NIGMS/Metagenomics-Analysis-of-Biofilm-Microbiome

Repository files navigation

course-card

University of South Dakota Dockerized Analysis of Microbial Community and Biofilms

Contents

Biofilm website

Overview

This README should walk the learner through the background and steps necessary to complete this training module. To use our module, clone this repo using git clone https://github.com/NIGMS/Metagenomics-Analysis-of-Biofilm-Microbiome.git and then navigate to the directory for this project. For more technical details of the cloud, see the NIH Cloud Lab README.
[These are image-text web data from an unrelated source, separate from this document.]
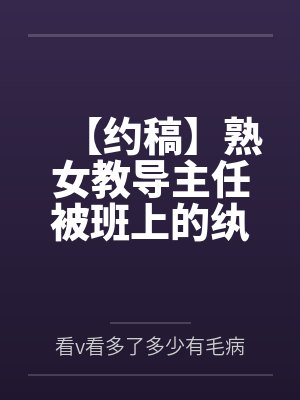 【约稿】熟女教导主任被班上的纨绔学生抓住把柄调教玩弄by看v看多了多少有毛病笔趣阁无弹窗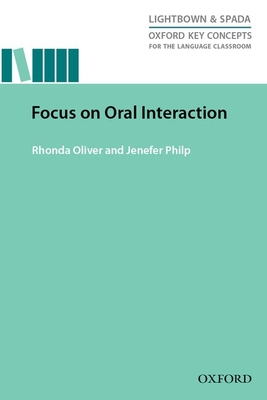 Oxford Key Concepts for the Language Classroom Focus on Oral Interaction: Focus on Oral Interaction - Oliver, Rhonda, and Philp, Jenefer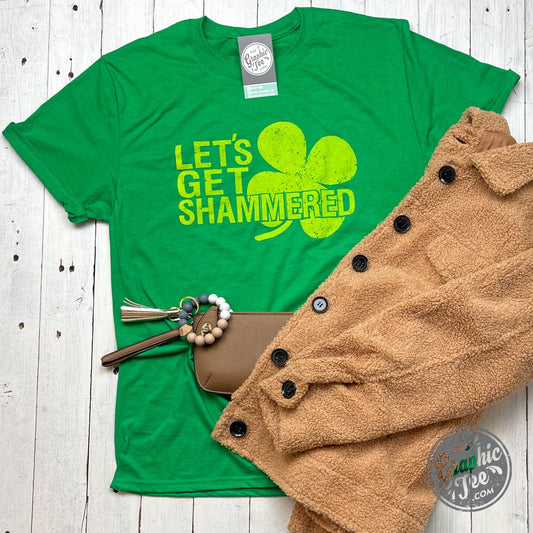 Let's Get Shammered Short Sleeve Tee - The Graphic Tee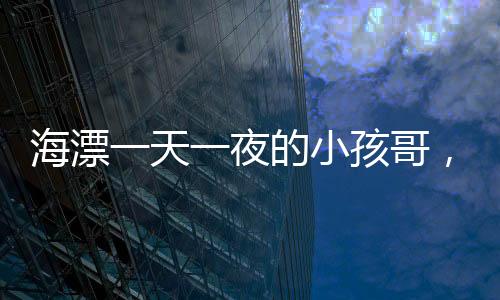 海漂一天一夜的小孩哥，驚人的戰(zhàn)績震撼人心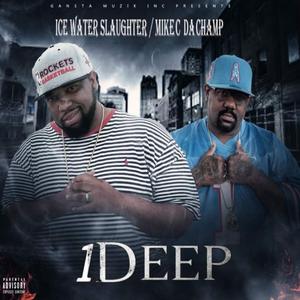 1deep (feat. Mike C Da Champ)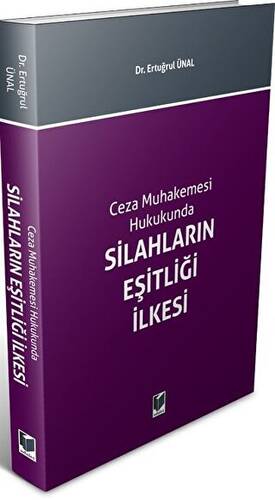 Silahların Eşitliği İlkesi - 1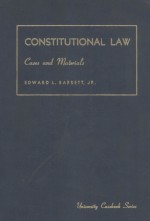 CONSTITUTIONAL LAW  CASES AND MATERIALS  FIFTH EDITION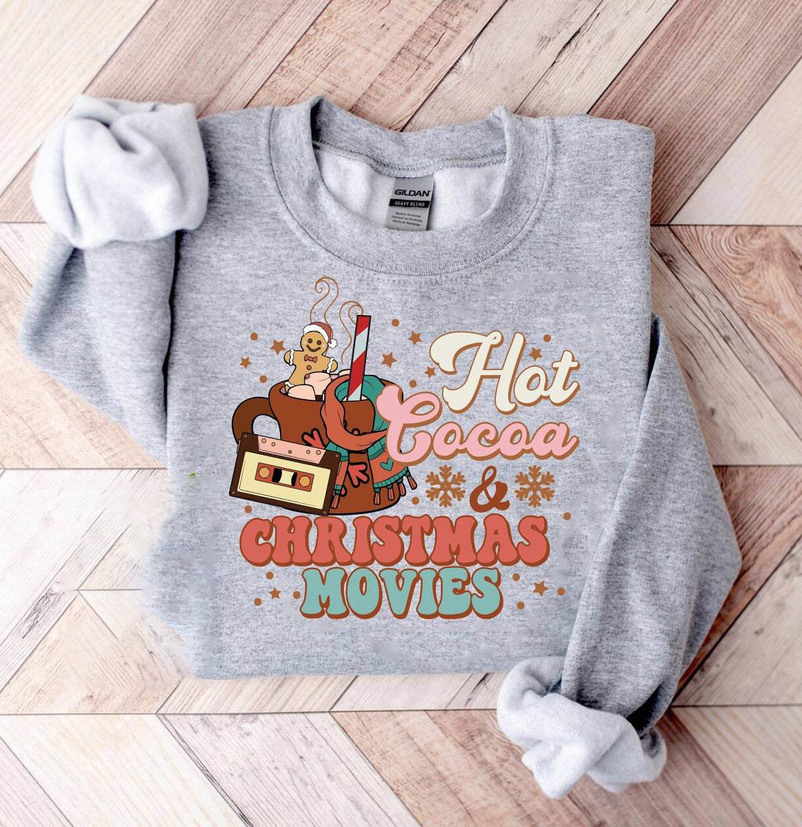 Hot Cocoa And Christmas Movies Shirt, Christmas Crewneck Unisex Hoodie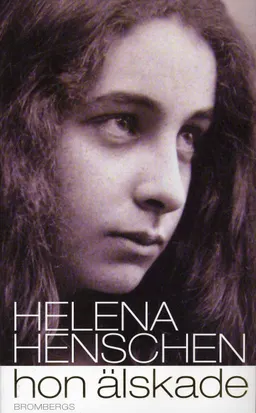 Hon älskade; Helena Henschen; 2008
A microbial community and biofilms are complex formations of microbials in collaborative groups, composed of different types of microorganisms such as bacteria, viruses and fungi. This tutorial aims to introduce the learner to microbiome analysis through a self-paced practical learning module that will aid in the understanding of the role of biofilms in human health and beyond. This will include the analysis of the microbial community composition (what microorganism is in my sample?), diversity, and function (what are they doing?). We will leverage quorum sensing protein signatures to provide insights into the microbial community and biofilm gene-phenotype response markers prediction.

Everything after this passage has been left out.